3
votes

I compare the forward FFT using FFTW and MATLAB fft. The input signal is a Gaussian. Code:

FFTW using C:

float *signal; /*input signal*/
int nt; /*length of the signal*/
fftw_complex *in, *out;
fftw_plan plan1;

in = fftw_malloc(nt*sizeof(fftw_complex)); 
out = fftw_malloc(nt*sizeof(fftw_complex));
for (j=0;j<nt;j++){
        in[j][0]=(double)signal[j];
        in[j][1]=0.0;
}    
plan1 = fftw_plan_dft_1d(nt, in, out, -1, FFTW_ESTIMATE);
fftw_execute(plan1);        
fftw_destroy_plan(plan1);

for (j=0;j<nt;j++){
        real[j]=(float)out[j][0];
        imag[j]=(float)out[j][1];
}

fft function in MATLAB:

fft(signal);

I plot the real and imaginary parts of both results:

fft vs fftw

The real part are almost the same value, while the imaginary part has quite different values. How to fix this problem?

2
The differences in Imag are in the range of 10 to the power of -15. So not really that different. - Kami Kaze
Another fact is, because my signal is real numbers, but in FFTW I create a complex DFT, which means the signal is complex with zero imaginary values. For real signal, out[i] is the conjugate of out[n-i] as matlab fft result shows. But imag of FFTW does not behave this. - clduan
A good test would be applying the inverse transform in both cases and comparing the results, this will show you if the differences in the imaginary part are relevant (I also think they aren't). - schnaader
"which means the signal is complex with zero imaginary values" The DFT has zero imaginary values because the input is symmetric, not because the input is real-valued. Also, knowing the imaginary values are supposed to be zero, you should have noticed that they are very close to zero. You are just looking at floating-point rounding errors here. Rounding errors do not need to be symmetric. - Cris Luengo
You could solve the "not exact conjugate" part by zeroing all the imaginary values smaller than an epsilon (e.g. 10^-14) as you know it's floating point noise anyway. - schnaader

2 Answers

2
votes

You should look at the scale factor of the plot on the left side over the plot of 'Imag'. It says 10^-15. This is quite small in relation to the real signal magnitude (at least the larger parts which is >10^1) so the results are quite similiar.

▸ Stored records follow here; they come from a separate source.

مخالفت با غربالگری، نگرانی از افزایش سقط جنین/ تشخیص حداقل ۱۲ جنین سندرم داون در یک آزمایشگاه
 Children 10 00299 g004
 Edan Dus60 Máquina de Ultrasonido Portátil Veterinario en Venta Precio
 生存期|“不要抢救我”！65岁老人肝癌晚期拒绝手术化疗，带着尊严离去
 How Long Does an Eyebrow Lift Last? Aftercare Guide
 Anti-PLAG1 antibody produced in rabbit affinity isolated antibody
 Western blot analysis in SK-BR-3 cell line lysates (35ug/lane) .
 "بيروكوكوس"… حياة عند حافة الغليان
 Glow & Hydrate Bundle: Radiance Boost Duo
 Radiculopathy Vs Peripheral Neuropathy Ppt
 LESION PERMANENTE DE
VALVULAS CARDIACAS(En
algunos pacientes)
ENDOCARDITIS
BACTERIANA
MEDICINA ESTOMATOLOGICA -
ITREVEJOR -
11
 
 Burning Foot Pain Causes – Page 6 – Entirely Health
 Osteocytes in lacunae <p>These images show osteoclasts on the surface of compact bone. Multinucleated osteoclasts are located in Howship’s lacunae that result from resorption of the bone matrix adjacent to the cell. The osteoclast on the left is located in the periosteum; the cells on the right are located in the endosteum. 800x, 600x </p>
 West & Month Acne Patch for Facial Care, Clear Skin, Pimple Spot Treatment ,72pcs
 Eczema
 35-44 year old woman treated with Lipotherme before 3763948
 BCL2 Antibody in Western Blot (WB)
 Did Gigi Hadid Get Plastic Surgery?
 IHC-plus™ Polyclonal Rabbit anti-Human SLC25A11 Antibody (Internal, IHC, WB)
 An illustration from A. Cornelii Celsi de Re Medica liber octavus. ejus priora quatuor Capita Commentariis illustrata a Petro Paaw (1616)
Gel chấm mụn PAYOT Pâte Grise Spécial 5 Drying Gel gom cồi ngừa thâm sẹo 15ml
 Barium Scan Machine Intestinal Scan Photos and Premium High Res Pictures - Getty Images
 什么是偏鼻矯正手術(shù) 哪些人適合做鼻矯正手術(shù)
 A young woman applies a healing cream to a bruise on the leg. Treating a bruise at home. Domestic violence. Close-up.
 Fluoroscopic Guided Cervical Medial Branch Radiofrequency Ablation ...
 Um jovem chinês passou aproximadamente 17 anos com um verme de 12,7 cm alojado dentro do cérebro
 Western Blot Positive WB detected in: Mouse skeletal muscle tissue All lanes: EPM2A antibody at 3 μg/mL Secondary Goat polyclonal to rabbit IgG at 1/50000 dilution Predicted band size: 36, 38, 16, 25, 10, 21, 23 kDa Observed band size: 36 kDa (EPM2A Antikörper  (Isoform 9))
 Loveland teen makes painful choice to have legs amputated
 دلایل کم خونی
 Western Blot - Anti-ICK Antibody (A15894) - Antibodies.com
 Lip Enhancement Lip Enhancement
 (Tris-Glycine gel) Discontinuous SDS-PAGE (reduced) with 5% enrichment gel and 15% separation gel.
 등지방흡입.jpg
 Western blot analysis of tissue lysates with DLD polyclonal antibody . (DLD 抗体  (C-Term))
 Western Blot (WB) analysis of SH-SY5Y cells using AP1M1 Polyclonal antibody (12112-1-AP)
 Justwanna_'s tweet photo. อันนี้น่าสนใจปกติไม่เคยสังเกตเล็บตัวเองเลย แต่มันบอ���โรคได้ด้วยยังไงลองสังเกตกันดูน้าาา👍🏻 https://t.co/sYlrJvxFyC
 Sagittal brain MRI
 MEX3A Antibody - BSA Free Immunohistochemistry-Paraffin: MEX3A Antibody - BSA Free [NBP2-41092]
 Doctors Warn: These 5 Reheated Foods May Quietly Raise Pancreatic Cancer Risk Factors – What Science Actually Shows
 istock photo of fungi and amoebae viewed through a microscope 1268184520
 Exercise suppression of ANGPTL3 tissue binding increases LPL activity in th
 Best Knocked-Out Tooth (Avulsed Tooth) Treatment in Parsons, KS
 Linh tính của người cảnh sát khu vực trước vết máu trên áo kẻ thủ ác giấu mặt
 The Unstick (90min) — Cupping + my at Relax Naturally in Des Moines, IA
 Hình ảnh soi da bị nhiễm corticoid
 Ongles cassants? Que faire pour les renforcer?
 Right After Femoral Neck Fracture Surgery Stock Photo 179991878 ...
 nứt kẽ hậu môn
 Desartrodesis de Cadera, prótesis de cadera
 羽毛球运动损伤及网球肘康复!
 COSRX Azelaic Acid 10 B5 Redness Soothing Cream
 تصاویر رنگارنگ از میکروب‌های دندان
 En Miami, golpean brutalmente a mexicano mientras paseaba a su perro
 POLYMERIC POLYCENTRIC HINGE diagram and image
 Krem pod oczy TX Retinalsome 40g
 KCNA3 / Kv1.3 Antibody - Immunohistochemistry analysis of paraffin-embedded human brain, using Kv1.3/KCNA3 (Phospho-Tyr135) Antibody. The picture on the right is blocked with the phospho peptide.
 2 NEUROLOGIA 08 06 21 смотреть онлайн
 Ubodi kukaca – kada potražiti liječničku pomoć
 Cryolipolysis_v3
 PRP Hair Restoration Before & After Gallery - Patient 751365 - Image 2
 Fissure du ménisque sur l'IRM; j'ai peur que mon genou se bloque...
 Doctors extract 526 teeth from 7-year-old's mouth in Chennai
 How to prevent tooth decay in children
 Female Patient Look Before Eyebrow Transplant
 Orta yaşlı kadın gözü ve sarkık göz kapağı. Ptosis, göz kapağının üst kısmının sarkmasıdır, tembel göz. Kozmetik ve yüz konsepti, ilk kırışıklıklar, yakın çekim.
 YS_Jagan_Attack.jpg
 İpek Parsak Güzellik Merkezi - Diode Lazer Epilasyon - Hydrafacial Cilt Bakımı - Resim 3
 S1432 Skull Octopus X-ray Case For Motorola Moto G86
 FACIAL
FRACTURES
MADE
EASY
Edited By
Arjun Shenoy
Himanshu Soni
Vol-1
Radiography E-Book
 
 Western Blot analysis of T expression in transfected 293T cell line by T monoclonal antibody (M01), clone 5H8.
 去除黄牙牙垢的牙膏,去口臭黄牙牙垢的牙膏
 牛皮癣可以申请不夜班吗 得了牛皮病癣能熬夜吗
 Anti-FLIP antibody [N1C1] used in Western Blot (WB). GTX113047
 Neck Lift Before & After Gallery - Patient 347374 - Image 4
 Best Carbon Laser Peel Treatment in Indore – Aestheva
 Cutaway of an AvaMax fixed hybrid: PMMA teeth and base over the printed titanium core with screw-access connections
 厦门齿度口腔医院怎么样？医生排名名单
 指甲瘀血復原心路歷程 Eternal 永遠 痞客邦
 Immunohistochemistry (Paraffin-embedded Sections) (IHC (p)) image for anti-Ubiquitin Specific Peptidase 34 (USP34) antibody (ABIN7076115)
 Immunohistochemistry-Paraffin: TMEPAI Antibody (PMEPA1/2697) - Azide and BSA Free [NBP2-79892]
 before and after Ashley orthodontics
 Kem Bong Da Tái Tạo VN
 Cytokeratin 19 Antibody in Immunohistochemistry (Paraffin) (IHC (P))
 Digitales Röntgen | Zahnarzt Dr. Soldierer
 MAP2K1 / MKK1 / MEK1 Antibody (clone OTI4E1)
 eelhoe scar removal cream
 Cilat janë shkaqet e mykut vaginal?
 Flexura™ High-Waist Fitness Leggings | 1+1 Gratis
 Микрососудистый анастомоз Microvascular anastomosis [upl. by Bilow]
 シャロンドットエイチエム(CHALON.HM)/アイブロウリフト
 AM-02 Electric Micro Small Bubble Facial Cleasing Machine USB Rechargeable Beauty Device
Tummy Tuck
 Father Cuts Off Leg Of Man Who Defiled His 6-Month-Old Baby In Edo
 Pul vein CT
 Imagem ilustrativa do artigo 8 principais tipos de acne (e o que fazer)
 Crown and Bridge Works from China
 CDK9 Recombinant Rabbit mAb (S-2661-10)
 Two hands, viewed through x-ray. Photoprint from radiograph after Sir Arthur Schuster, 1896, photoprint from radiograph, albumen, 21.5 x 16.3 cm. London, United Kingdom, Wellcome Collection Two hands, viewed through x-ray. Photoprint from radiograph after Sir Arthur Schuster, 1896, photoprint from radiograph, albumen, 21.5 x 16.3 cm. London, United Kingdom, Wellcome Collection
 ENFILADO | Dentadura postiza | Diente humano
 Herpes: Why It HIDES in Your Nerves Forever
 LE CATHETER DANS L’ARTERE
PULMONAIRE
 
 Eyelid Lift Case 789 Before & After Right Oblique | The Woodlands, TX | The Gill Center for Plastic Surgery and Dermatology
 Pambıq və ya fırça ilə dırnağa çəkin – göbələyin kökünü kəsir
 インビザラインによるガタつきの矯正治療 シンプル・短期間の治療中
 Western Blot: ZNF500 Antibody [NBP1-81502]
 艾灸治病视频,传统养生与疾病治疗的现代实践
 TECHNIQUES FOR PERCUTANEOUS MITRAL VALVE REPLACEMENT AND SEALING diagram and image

Floating point algorithms in general tend to not deliver the exact same result as long as they are not implemented exactly in the same way. (And even then they can differ by different options for rounding).

This QA might give some insight: Floating point inaccuracy examples

0
votes

Rounded to the nearest 0.001% of full scale (real), notice that the imaginary values are all zero.